The Copyright Act gives a copyright owner the exclusive right to sell copies of the copyrighted work. But once a genuine copy is sold, a lawful owner of that particular copy can resell or transfer what he bought without infringing the copyright – the copyright owner can no longer use the copyright to control the resale of that particular copy. This copyright limitation has become known as the “First Sale Doctrine.”
A quirk in copyright law arose because the Copyright Act has a provision that prevents importation of a copyrighted work into the U.S. without the copyright owner’s permission. (17 U.S.C. 602(a)(1)). This ability of the copyright owner to prohibit importation seemed to conflict with the First Sale Doctrine when a copy is first sold outside of the United States.
In the 1998 decision Quality King Distributors, Inc. v. L’Anza Research, Int’l, Inc., the Supreme Court held that a copyrighted product manufactured in the U.S., but first sold in a foreign country, was subject to the First Sale Doctrine. The result was that the copyright owner could not prohibit importation of the copyrighted product into the U.S. But the question remained whether the First Sale Doctrine also applied to copyrighted works that were both manufactured and first sold outside the U.S.

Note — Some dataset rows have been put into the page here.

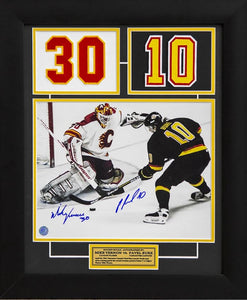 Pavel Bure & Mike Vernon Dual Signed Playoff OT Goal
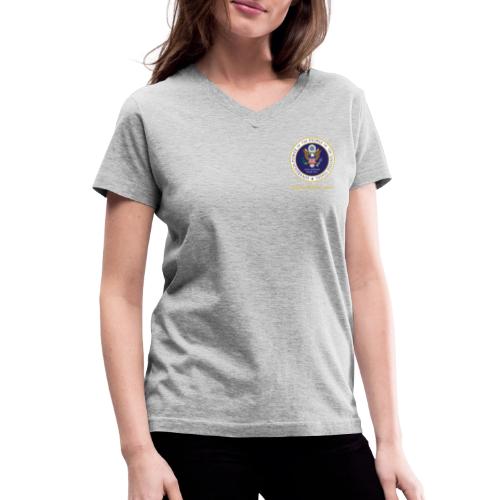The Peoples Seal w gold url - Women's V-Neck T-Shirt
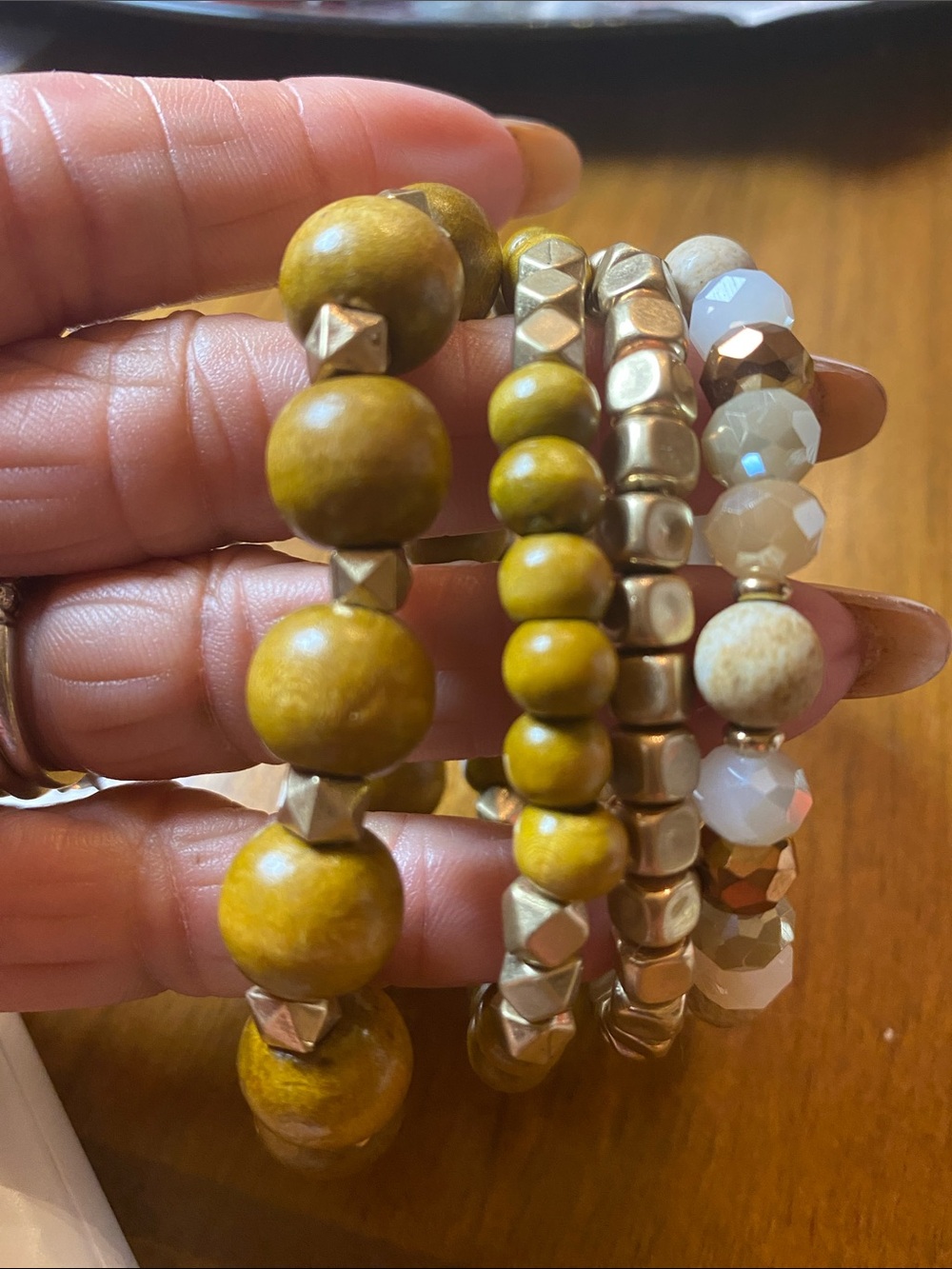 Olive Green & Gold Multi-Strand Bead Bracelet Set - Women Jewelry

In March 2013 the Supreme Court answered the question by applying the First Sale Doctrine regardless of where the copyrighted work is manufactured or first sold. In Kirtsaeng dba Bluechristine99 v. John Wiley & Sons, Inc., the products involved were textbooks manufactured and first sold in Thailand by the copyright owner, then later imported into the U.S. for resale without the copyright owner’s permission. In a split decision, the Supreme Court held that the Copyright Act requires that the First Sale Doctrine applies to authentic, unaltered products that were lawfully manufactured and first sold by the copyright owner in a foreign country as well as in the U.S.
The Kirtsaeng decision provides no protection for sale of modified, adulterated, pirated or counterfeit copies, regardless of where they were made or sold. Nor does it insulate parties from participation in fraud, breach of contract, unfair competition or other wrongful acts that are independent of copyright protections. Conkle, Kremer & Engel has long recommended that its clients take a multi-faceted approach to preventing and remedying product diversion and counterfeiting, so they are able to effectively address the problem no matter where and how the misconduct occurs.